Finding an efficient way to convert wavelengths of light is crucial to
the improvement of many imaging and sensing technologies. For example, converting incoming light into terahertz wavelengths enables imaging and sensing in optically opaque environments. However, previous conversion frameworks were inefficient and required bulky and complex optical setups.

The UCLA-led team has devised a solution to enhance wavelength-conversion efficiency by exploring a generally undesirable but natural phenomenon
called semiconductor surface states.

Surface states occur when surface atoms have an insufficient number of
other atoms to bind to, causing a breakdown in atomic structure. These incomplete chemical bonds, also known as "dangling bonds," cause
roadblocks for electric charges flowing through semiconductor devices
and affect their performance.

"There have been many efforts to suppress the effect of surface states in semiconductor devices without realizing they have unique electrochemical properties that could enable unprecedented device functionalities,"
said Jarrahi, who leads the UCLA Terahertz Electronics Laboratory.



==========================================================================
In fact, since these incomplete bonds create a shallow but giant built-in electric field across the semiconductor surface, the researchers decided
to take advantage of surface states for improved wavelength conversion.

Incoming light can hit the electrons in the semiconductor lattice and
move them to a higher energy state, at which point they are free to jump
around within the lattice. The electric field created across the surface
of the semiconductor further accelerates these photo-excited, high-energy electrons, which then unload the extra energy they gained by radiating
it at different optical wavelengths, thus converting the wavelengths.

However, this energy exchange can only happen at the surface of a
semiconductor and needs to be more efficient. In order to solve this
problem, the team incorporated a nanoantenna array that bends incoming
light so it is tightly confined around the shallow surface of the semiconductor.

"Through this new framework, wavelength conversion happens easily and
without any extra added source of energy as the incoming light crosses
the field," said Deniz Turan, the study's lead author and a member of
Jarrahi's research laboratory who recently graduated with his doctorate
in electrical engineering from UCLA Samueli.

The researchers successfully and efficiently converted a 1,550-nanometer wavelength light beam into the terahertz part of the spectrum, ranging
from wavelengths of 100 micrometers up to 1 millimeter. The team
demonstrated the wavelength-conversion efficiency by incorporating the
new technology into an endoscopy probe that could be used for detailed
in-vivo imaging and spectroscopy using terahertz waves.

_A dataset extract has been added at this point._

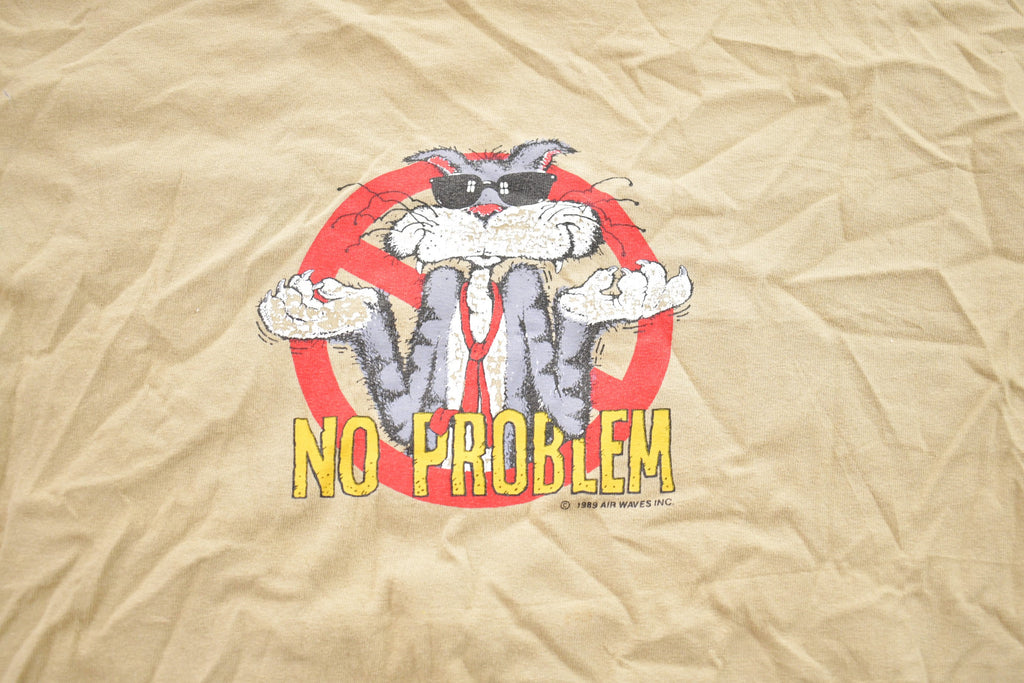 Vintage 1990s No Problem Graphic T-Shirt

Without this breakthrough in wavelength conversion, it would have required
100 times the optical power level to achieve the same terahertz waves,
which the thin optical fibers used in the endoscopy probe cannot
support. The advance can apply to optical wavelength conversion in
other parts of the electromagnetic spectrum, ranging from microwave to far-infrared wavelengths.

Two addition members of Jarrahi's research group, Ping Keng Lu and
Nezih Yardimci, are co-authors of the study. Other co-authors are from Technical University Darmstadt in Germany and the Ames Laboratory, a
U.S. Department of Energy (DOE) lab affiliated with Iowa State University.

The Office of Naval Research supported the research, and the DOE provided
a grant for Turan.

========================================================================== Story Source: Materials provided by
University_of_California_-_Los_Angeles. Note: Content may be edited for
style and length.


========================================================================== Journal Reference:
1. Deniz Turan, Ping Keng Lu, Nezih T. Yardimci, Zhaoyu Liu, Liang Luo,
Joong-Mok Park, Uttam Nandi, Jigang Wang, Sascha Preu, Mona Jarrahi.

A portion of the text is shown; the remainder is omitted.